Greater nitrous and nitric oxide emissions from the soil between rows than under the canopy in subtropical tea plantations

Abstract

Subtropical agricultural soils are hotspots of nitrogen(N)-oxide emissions, whereas the spatiotemporal variability and driving factors of their emissions in different cultivation systems are poorly understood. Here, to assess the magnitude and pattern of soil N-oxide emissions, we conducted measurements of nitrous oxide (N2O) and nitric oxide (NO) fluxes from the soil between rows and under the canopy of tea plants in two subtropical tea plantations over a one-year period. Results showed that N2O and NO emissions from the soil between rows were 32.6 and 9.1 kg N ha−1 for the Yixing (YX) site and 33.9 and 9.9 kg N ha−1 for the Jurong (JR) site, respectively.
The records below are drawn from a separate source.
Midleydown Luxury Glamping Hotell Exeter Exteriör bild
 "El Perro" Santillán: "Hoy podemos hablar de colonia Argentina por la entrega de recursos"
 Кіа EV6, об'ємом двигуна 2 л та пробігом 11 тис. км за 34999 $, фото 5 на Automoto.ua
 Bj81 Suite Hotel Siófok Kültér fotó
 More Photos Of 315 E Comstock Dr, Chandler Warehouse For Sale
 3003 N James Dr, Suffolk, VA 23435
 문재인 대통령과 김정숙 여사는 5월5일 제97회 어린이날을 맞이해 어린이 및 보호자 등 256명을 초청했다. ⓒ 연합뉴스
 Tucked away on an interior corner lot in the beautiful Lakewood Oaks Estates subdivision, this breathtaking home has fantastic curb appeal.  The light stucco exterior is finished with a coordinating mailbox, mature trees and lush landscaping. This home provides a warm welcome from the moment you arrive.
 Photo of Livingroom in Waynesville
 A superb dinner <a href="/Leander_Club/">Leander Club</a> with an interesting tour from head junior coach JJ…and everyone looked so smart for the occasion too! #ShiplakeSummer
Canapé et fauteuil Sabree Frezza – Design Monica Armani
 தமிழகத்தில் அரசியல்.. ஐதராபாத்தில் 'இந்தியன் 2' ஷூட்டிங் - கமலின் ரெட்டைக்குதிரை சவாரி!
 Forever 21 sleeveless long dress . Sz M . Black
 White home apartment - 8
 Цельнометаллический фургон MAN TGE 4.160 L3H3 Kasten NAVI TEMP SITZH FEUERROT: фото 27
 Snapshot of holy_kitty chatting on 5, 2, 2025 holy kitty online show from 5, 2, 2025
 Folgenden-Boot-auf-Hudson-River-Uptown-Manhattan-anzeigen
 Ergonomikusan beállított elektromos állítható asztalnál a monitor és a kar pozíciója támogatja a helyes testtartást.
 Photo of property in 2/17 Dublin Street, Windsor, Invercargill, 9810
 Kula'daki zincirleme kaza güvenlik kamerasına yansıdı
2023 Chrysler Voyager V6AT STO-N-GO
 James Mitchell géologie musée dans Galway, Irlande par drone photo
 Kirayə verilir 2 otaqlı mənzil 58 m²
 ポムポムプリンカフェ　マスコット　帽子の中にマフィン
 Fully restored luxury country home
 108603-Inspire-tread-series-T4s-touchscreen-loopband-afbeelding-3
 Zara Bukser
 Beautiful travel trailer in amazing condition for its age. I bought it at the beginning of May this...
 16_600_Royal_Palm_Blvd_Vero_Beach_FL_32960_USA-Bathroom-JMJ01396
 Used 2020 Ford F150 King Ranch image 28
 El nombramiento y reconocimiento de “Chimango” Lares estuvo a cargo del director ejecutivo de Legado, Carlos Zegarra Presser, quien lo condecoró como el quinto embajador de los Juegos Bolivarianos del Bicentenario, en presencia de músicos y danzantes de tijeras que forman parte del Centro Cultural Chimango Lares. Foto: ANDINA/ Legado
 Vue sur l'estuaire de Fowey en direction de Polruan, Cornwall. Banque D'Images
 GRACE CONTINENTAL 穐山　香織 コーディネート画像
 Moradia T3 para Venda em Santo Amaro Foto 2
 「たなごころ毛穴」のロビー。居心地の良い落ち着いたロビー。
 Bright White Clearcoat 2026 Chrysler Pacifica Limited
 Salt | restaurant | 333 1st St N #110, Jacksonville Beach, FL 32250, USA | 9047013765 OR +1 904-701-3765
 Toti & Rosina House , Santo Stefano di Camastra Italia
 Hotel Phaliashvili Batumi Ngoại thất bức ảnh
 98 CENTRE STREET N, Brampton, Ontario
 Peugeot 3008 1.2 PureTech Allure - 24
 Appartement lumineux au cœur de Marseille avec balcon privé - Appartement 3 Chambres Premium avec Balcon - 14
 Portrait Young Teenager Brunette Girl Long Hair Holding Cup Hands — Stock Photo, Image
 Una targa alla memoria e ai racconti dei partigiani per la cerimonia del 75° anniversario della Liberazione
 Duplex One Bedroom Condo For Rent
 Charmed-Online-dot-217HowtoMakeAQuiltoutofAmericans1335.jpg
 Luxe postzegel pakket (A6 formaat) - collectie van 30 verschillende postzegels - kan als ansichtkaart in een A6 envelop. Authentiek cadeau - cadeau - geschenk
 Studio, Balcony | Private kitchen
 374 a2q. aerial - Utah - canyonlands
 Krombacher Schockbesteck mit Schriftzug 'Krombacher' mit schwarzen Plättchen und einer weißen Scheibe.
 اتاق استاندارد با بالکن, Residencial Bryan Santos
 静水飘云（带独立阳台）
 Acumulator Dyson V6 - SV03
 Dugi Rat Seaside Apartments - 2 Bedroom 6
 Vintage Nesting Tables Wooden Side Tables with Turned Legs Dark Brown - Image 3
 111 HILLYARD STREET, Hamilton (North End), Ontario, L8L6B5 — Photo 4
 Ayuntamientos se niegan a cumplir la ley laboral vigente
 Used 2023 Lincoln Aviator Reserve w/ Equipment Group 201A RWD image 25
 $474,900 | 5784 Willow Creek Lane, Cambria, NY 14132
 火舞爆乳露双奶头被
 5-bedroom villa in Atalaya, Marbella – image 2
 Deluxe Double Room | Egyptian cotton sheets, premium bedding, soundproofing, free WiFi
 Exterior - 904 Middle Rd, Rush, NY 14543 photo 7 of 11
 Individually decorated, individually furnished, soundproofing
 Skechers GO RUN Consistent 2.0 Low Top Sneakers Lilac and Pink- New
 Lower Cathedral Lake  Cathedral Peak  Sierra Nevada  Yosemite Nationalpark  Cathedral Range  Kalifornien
Across both sites, N2O and NO emissions from the soil between rows were 2.8–5.2 and 1.4–4.0 times, respectively, larger than those from the soil under the canopy. We attributed greater N-oxide emissions from the soil between rows mainly to increased soil mineral N and water contents as compared to the soil under the canopy. On average, N2O and NO emissions from the soil under the canopy accounted for 36% and 44% of the total losses from the entire field, respectively. For the entire tea field, N2O emissions were 12.6 and 15.7 kg N ha−1 for the YX and JR sites, respectively, but the difference was not statistically different. In contrast, NO emissions from the YX and JR sites were 3.8 and 5.7 kg N ha−1 and differed significantly between the two sites, which was due to higher NO emissions from the soil under the canopy in the JR site. The greatest N-oxide fluxes occurred in the spring and summer seasons after topdressing when soil conditions were conducive to microbial N-oxide production. The structural equation modeling analyses suggested that the variables explaining the variances of soil N-oxide emissions were different between the two tea plantations. Our results indicated that microbial nitrification and abiotic chemodenitrification processes were likely the major pathways leading to N-oxide emissions in the soil under the canopy. Our findings highlight the importance of N-oxide fluxes simultaneously taken from the soil between rows and under the canopy and implementing mitigation practices in subtropical tea plantations.